The stratum of Zapotec commoners also had its gradations in prestige. There were landed commoners, landless serfs, and slaves. Free commoners belonged to
tija peniqueche,
“lineages of townspeople,” and held corporate rights to parcels of land dispersed through the valley floor, piedmont, and mountains. These varied parcels were the Zapotec equivalent of Hawai’i’s pizza-slice transects from coast to mountain.

Social inequality was expressed in terms of address, clothing, diet, and other forms of behavior. Nobles were addressed with terms equivalent to “your grace.” Even they, however, had to bow and remove their sandals in the presence of the king. Nobles wore bright cotton mantles, feather headdresses, and jade ornaments in their earlobes and lips. Some male nobles had 15 to 20 wives. They dined on venison and enjoyed drinks flavored with chocolate, a plant imported from the lowlands.

Commoners, on the other hand, wore agave fiber mantles and were allowed much less ornamentation. Instead of venison, they ate the flesh of dogs, turkeys, rabbits, and local small game. Only the wealthiest of commoner men could afford a second wife.

Zapotec rulers sometimes appointed trusted commoners to bureaucratic posts. In addition, there were some social institutions in which both nobles and commoners regularly collaborated. Within the military the officers were of noble birth, while the foot soldiers were conscripted commoners. Officers wore body armor of quilted cotton, and their valor was rewarded with costumes depicting them as pumas, jaguars, hawks, or eagles. Foot soldiers went to battle in loincloths.

Within the religious establishment, the highest priests were of aristocratic birth. Often they were the younger sons of nobles, outranked by their older brothers and therefore unlikely to inherit their father’s title. Like all members of the noble stratum, they were given a religious education that was denied to commoners. This difference in education helped maintain inequality.

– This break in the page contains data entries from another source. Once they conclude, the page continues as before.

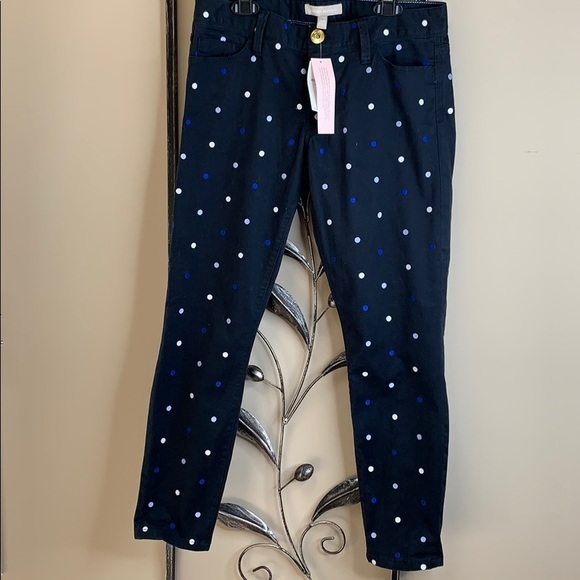 🆕NWT Banana Republic Polka Dot Pants - Picture 2 of 7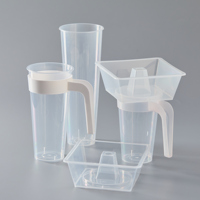 700 ML 600 ML 500 ML 360 ML Bon marché PP Plastique Jetable 2 en 1 Boisson et Snack Tasse avec Bol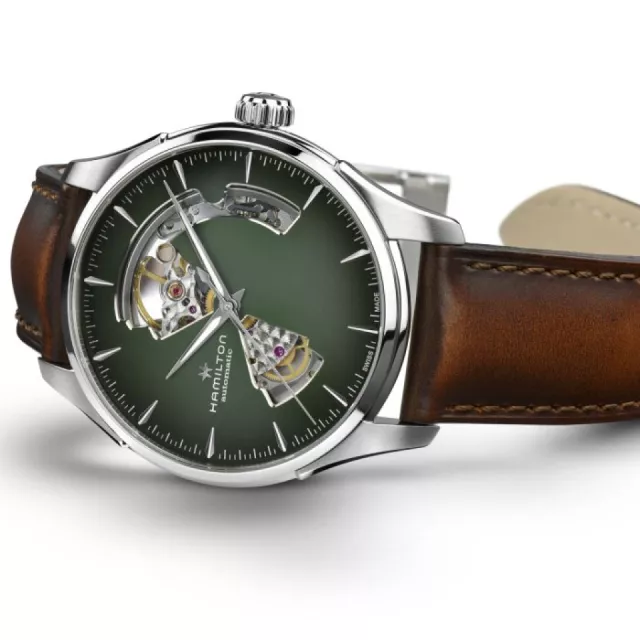 Hamilton Jazzmaster Open Heart Auto H32675560 Görsel 4
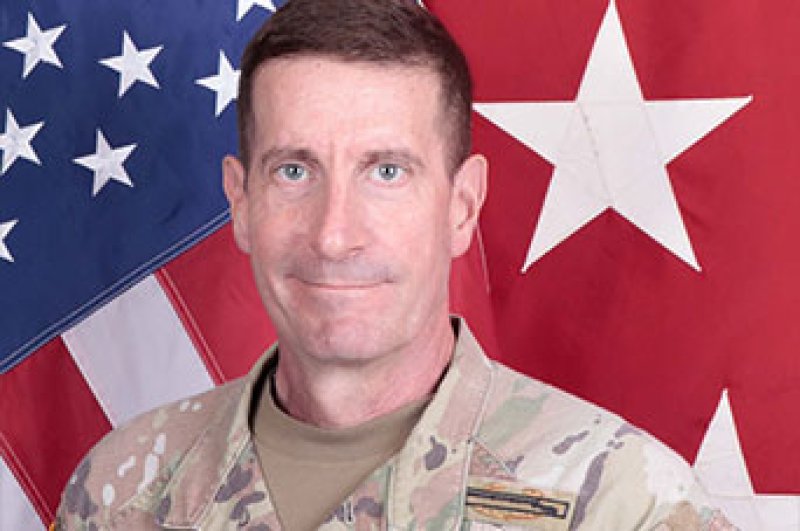 Highest-ranking US Army officer in Sri Lanka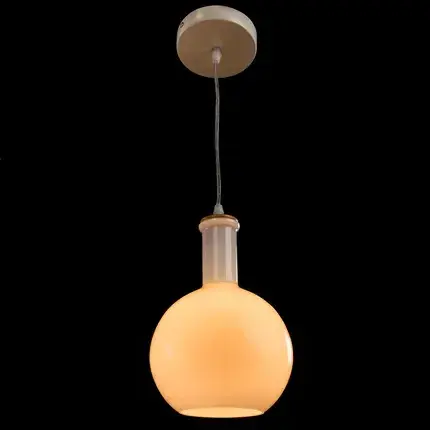 Светильник Arte Lamp A8113SP-1WH ACCENTO — белый, ракурс 2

The high priest’s assistants were commoners who underwent special training. These minor priests, according to the Spaniards, virtually “lived in the inner room of the temple.”

The temple itself was called
yohopèe,
“the house of the vital force,” reminding us that the Zapotec had a concept of sacred life force like mana among the Polynesians or hasina among the Merina. Anything that moved, including lightning bolts, flowing blood, and the foam on a cup of hot chocolate, possessed pèe. Any plant that induced visions of the spirit world, such as jimson weed
(Datura),
morning glory, strong tobacco, or hallucinogenic mushrooms, was considered sacred. Zapotec priests were trained in bloodletting, human and animal sacrifice, and ritual drug use. Nobles had their own special rituals, because after death they would metamorphose into semidivine ancestors, living among the clouds and serving Cociyo—Lightning—the most powerful being in the Zapotec cosmos.